When artist and collector Danny First built his gallery The Cabin in the backyard of his Hancock Park home in 2014, its diminutive size was part of the appeal. The space, oddly modelled on the hut where terrorist Ted Kaczynski (the Unabomber) holed up in Montana, is a high-ceilinged 10ft by 12ft structure that, even with its current show of large-scale canvases by the figurative painter Gabe Cortese, does not feel overcrowded. After seven years, First felt his programme—which also includes a month-long artist residency nearby—was ready to expand.
“I feel like I’m giving them a little bit more than The Cabin now,” First says of his revamped complex, which now includes a large gallery beneath his backyard, The Bunker, and a large podium for outdoor sculpture he christened The Fifth Plinth.
“Even for successful sculptors, it can be hard for them to display their works,” says First, whose own artistic practice includes bronze and ceramic sculptures of stylised figures. “It’s going to be fun, but also challenging to crane the pieces into the backyard.” He plans to install a new work around every six months. The first piece on the plinth, by Nathan Mabry, features a vivid blue wolf.

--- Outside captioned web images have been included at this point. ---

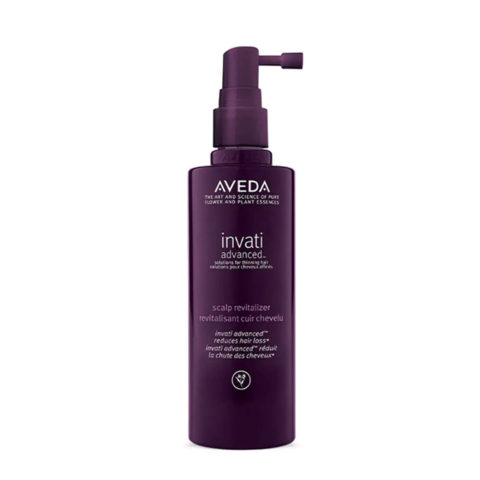 Aveda Invati Advanced Scalp Revitalizer 150ml  - Stärkungsspray für feines und dünner werdendes Haar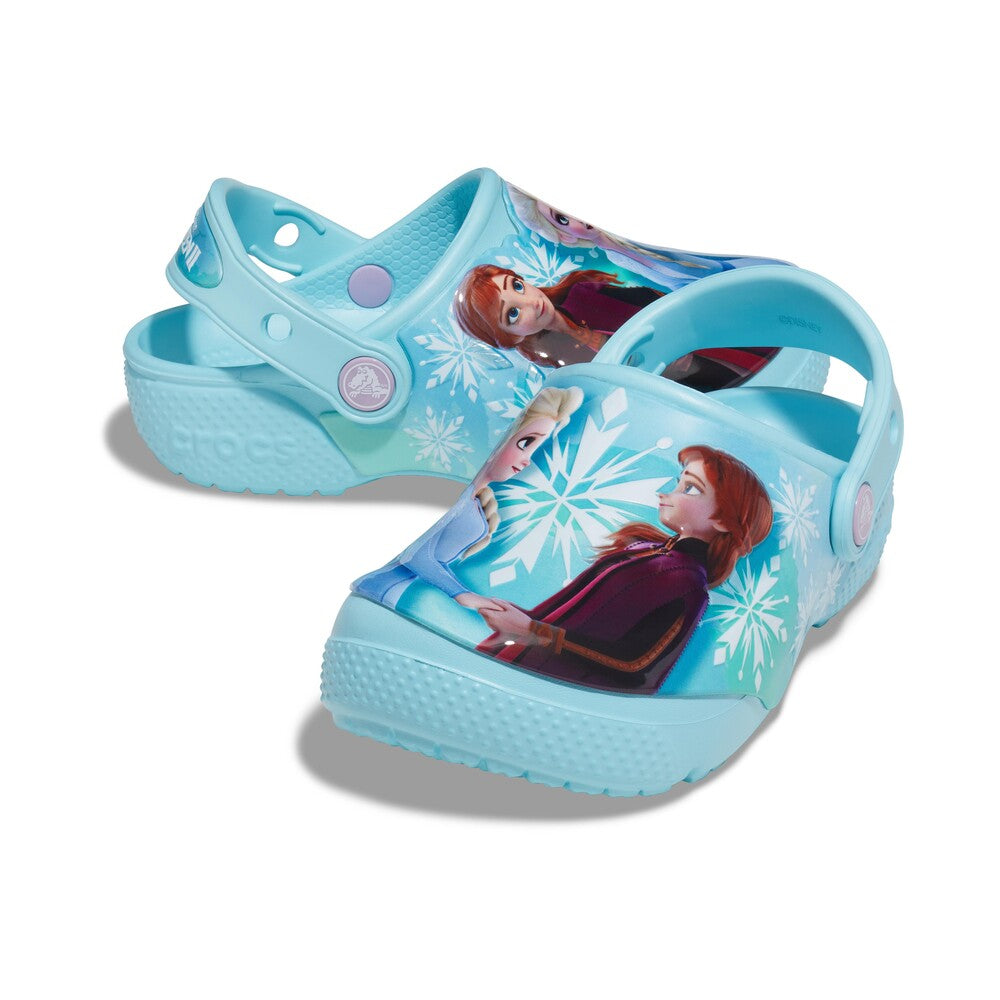 Niños | Fun Lab Disney Frozen Ii Clog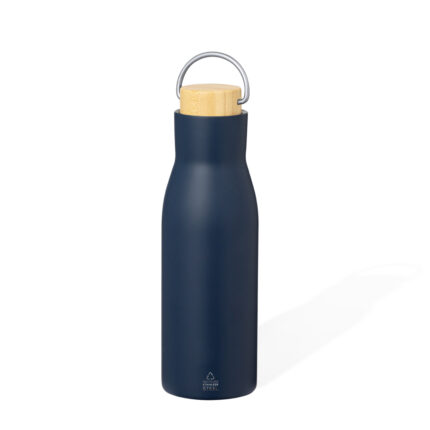 Insulated Bottle 500 ml termo gertuvė – 500 ml termo gertuvė, dvigubos sienelės konstrukcija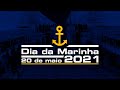 Dia da Marinha 2021: Embarque no programa online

Though his gallery is very much a passion project rather than a commercial one, it has helped boost the careers of many young artists. Past shows have included the Ghanaian sensation Amoako Boafo, the conceptual artist Genevieve Gaignard (who now shows with Vielmetter Los Angeles) and painter Tunji Adeniyi-Jones, who is now represented by White Cube.
For now, First has no ambitions to expand further, but he often fields inquiries from collectors looking to create their own takes on The Cabin. “I get wealthy people asking me about starting their own residencies on their properties, and I tell them, ‘Location is really important’,” he says. “It’s a huge thing to be close to the art stores, the galleries and the museums. You can’t put them in some deserted place like Joshua Tree.”